Effects of exogenous ethylene or 1-MCP on total α-l-arabinofuranosidase activity during avocado fruit ripening. Avocado fruit were treated with air (control), exogenous ethylene, or 1-MCP, and then ripened at 20°C. Five fruit were sampled on the indicated day and proteins were extracted. Activity of α-l-arabinofuranosidase was assayed using 4-nitrophenyl α-l-arabinofuranoside as a substrate. Vertical bars indicate the standard errors (n = 5).

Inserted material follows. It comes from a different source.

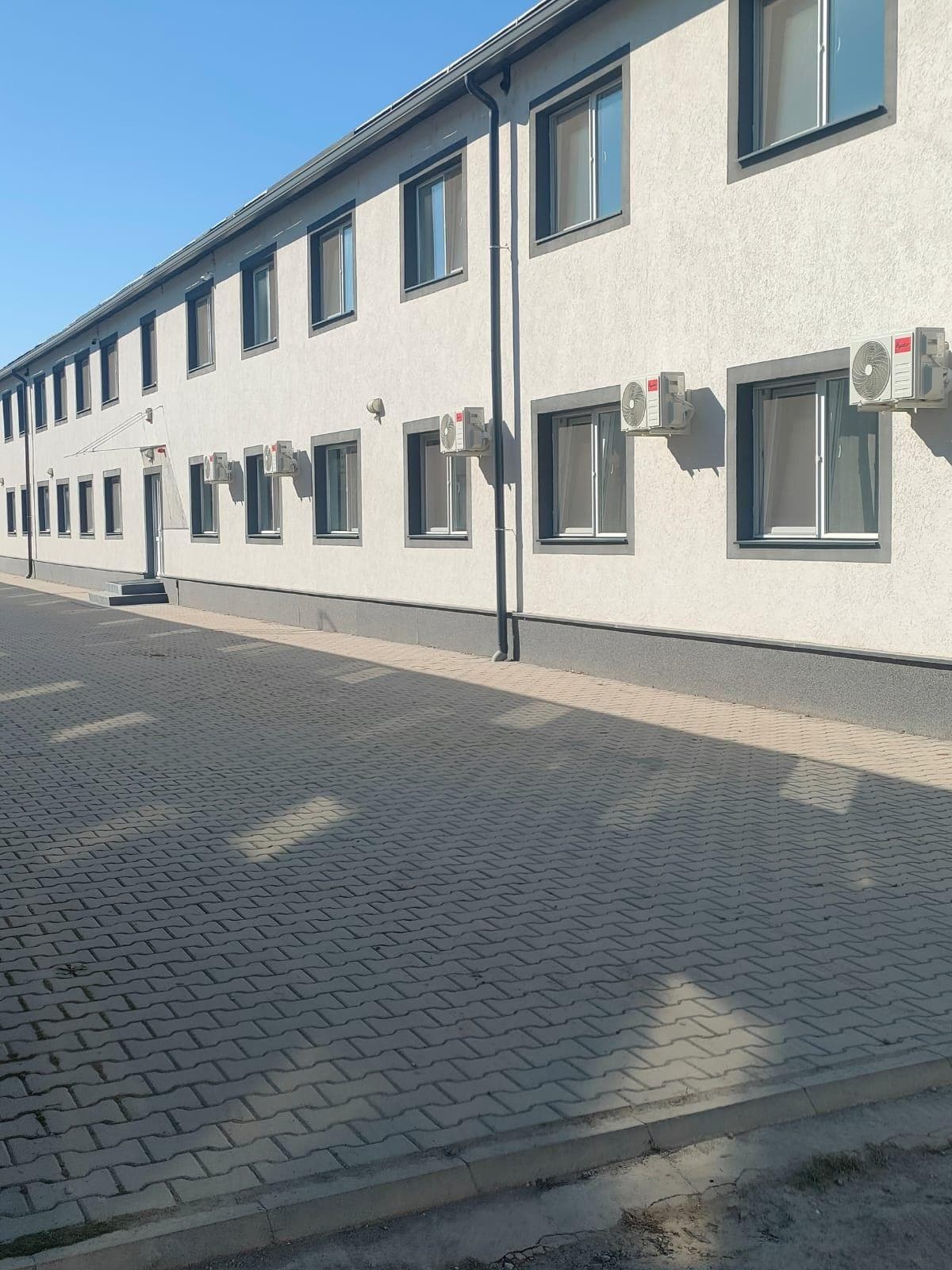 SUPER OFERTA! Clădire 1175 mp. 44 camere și 24 de băi. - imagine 1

Loss of arabinosyl residues during fruit softening found in avocado (Brummell, 2006) should be caused by the action of α-l-arabinofuranosidase activity. GH family 3 α-l-arabinofuranosidases possess broad substrate specificities and the related gene expressions were detected not only in the fruit (Minic and Jouanin, 2006; Tateishi, 2008), indicating the pleiotropic functions of α-l-arabinofuranosidase on plant growth including fruit ripening. Also, family 51 α-l-arabinofuranosidase(s), which possess a different preference against natural substrates containing arabinosyl residue, may act on arabinose loss in ripening avocado fruit in coordination with those of family 3. We conclude that the two α-l-arabinofuranosidases examined in this study are subjected to opposite regulation under ethylene action or a ripening signal, indicating that they have specific functions in cell wall modification in ripening avocado fruit.
The authors are grateful to the students belonging to the Laboratory of Horticultural Science, Nihon University. We thank Mr. Yamada for providing avocado fruit.